Work item -> Look below for the line that contains "<p>USSF Enlisted Ranks</p>", then copy it and each following line exactly, through and including the line that contains "cochin_frizzle_black_fowl_free_image".

+++ Provided records

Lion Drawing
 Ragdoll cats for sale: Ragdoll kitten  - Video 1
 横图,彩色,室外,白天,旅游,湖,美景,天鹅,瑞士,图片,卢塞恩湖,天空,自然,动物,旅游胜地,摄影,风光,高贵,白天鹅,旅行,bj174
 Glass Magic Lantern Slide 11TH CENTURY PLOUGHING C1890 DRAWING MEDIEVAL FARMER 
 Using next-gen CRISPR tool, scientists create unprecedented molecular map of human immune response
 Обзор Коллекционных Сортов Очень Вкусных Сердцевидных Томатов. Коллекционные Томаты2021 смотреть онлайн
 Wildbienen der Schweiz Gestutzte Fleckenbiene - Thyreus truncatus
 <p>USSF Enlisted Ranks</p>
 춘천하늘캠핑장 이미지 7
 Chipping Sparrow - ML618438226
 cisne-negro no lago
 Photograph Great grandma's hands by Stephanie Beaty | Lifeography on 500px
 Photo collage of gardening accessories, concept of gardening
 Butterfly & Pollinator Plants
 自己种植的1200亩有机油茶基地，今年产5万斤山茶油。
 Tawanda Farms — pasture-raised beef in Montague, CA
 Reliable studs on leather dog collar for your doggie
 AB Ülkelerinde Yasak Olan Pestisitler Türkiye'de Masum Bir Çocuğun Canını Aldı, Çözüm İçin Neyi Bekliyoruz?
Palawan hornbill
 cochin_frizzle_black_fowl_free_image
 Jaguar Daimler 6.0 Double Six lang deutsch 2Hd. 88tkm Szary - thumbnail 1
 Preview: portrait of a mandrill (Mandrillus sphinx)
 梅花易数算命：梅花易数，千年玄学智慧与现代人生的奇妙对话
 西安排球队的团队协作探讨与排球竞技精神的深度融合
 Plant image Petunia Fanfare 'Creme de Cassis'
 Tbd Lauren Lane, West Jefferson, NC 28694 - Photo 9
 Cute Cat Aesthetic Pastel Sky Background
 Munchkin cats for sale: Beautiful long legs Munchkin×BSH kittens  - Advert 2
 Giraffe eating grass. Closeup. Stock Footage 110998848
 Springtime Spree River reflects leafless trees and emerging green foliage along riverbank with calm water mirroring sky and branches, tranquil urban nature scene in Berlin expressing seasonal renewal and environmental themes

++++++

Task answer ->
 <p>USSF Enlisted Ranks</p>
 춘천하늘캠핑장 이미지 7
 Chipping Sparrow - ML618438226
 cisne-negro no lago
 Photograph Great grandma's hands by Stephanie Beaty | Lifeography on 500px
 Photo collage of gardening accessories, concept of gardening
 Butterfly & Pollinator Plants
 自己种植的1200亩有机油茶基地，今年产5万斤山茶油。
 Tawanda Farms — pasture-raised beef in Montague, CA
 Reliable studs on leather dog collar for your doggie
 AB Ülkelerinde Yasak Olan Pestisitler Türkiye'de Masum Bir Çocuğun Canını Aldı, Çözüm İçin Neyi Bekliyoruz?
Palawan hornbill
 cochin_frizzle_black_fowl_free_image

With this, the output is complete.